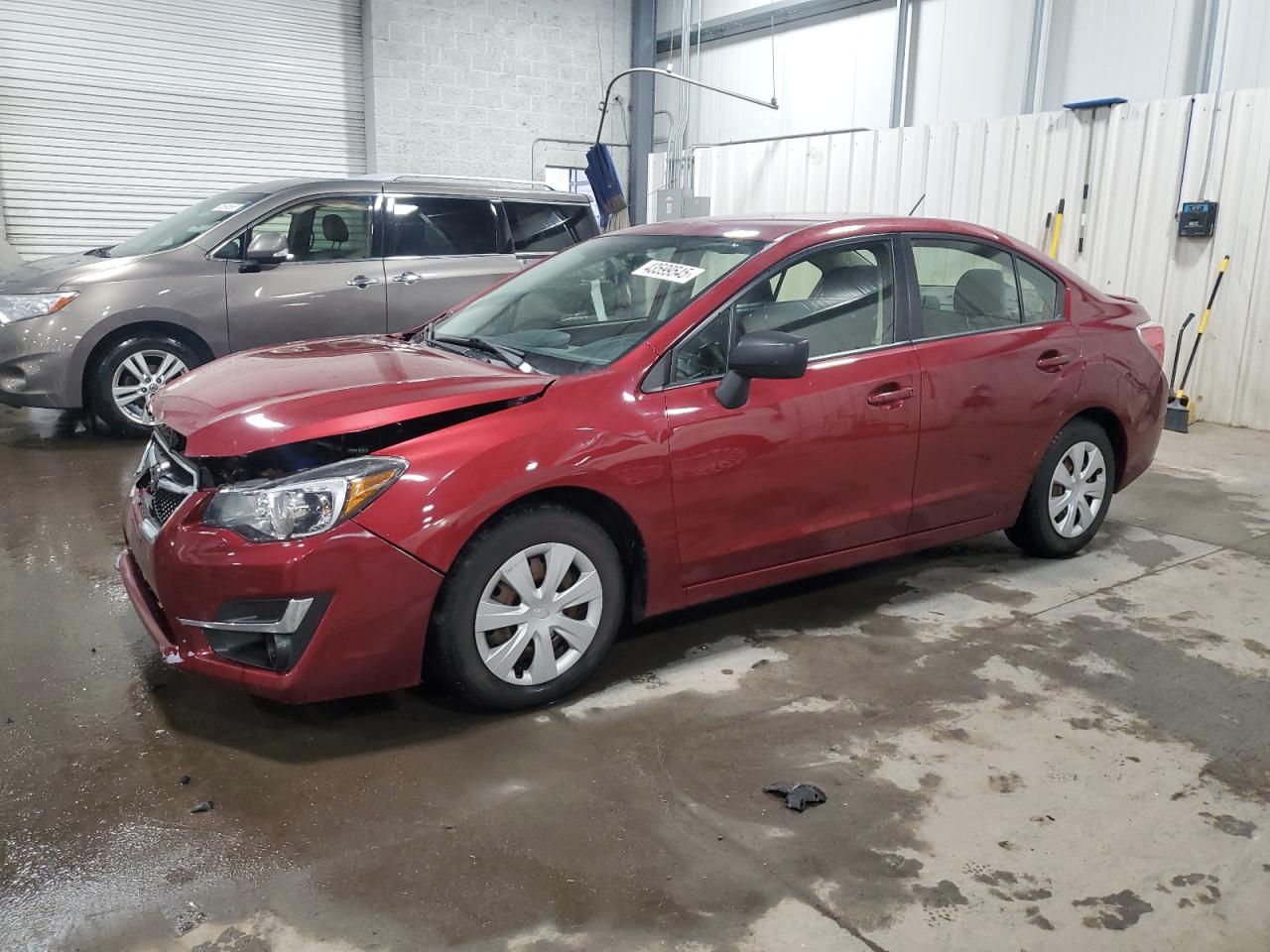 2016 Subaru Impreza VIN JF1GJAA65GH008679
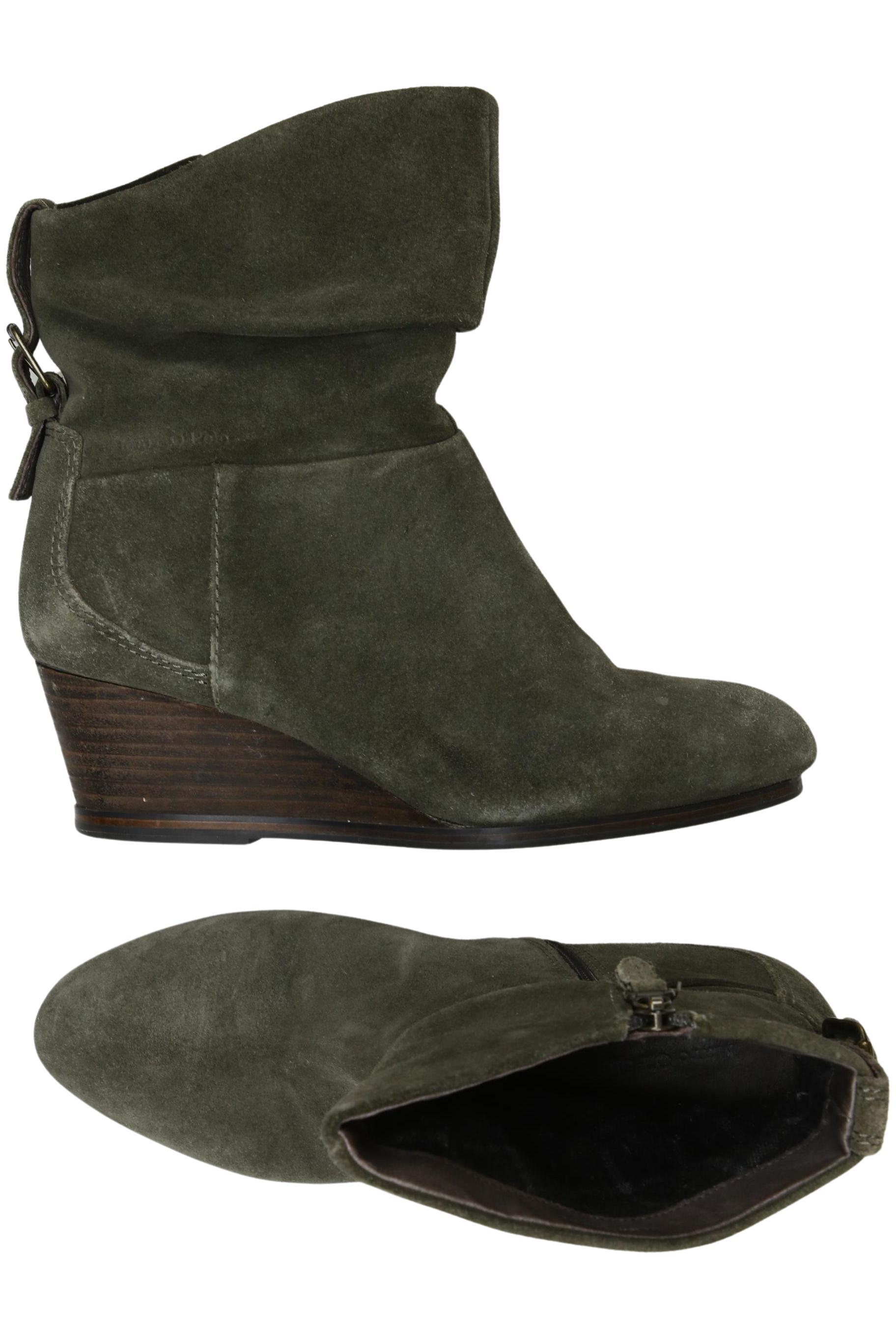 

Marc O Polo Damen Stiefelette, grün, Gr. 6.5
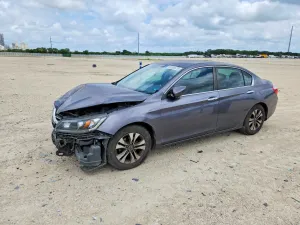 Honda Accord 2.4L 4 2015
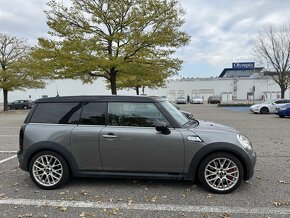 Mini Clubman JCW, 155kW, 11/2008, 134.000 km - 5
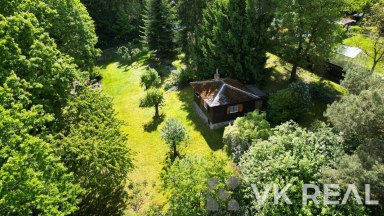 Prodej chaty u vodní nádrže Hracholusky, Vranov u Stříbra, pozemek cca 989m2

━━━━━━━━━━━━━━━━━━━━━━━━━━━━━━

▶ **Task goal**
Repeat exactly the lines from the one containing "Marc O Polo Damen Stiefelette, grün, Gr. 6.5" to the last line of the records above, including both, and leave out any pictures.

▶ **Output below**
Marc O Polo Damen Stiefelette, grün, Gr. 6.5
 Honda Accord 2.4L 4 2015
 Mini Clubman JCW, 155kW, 11/2008, 134.000 km - 5
 Prodej chaty u vodní nádrže Hracholusky, Vranov u Stříbra, pozemek cca 989m2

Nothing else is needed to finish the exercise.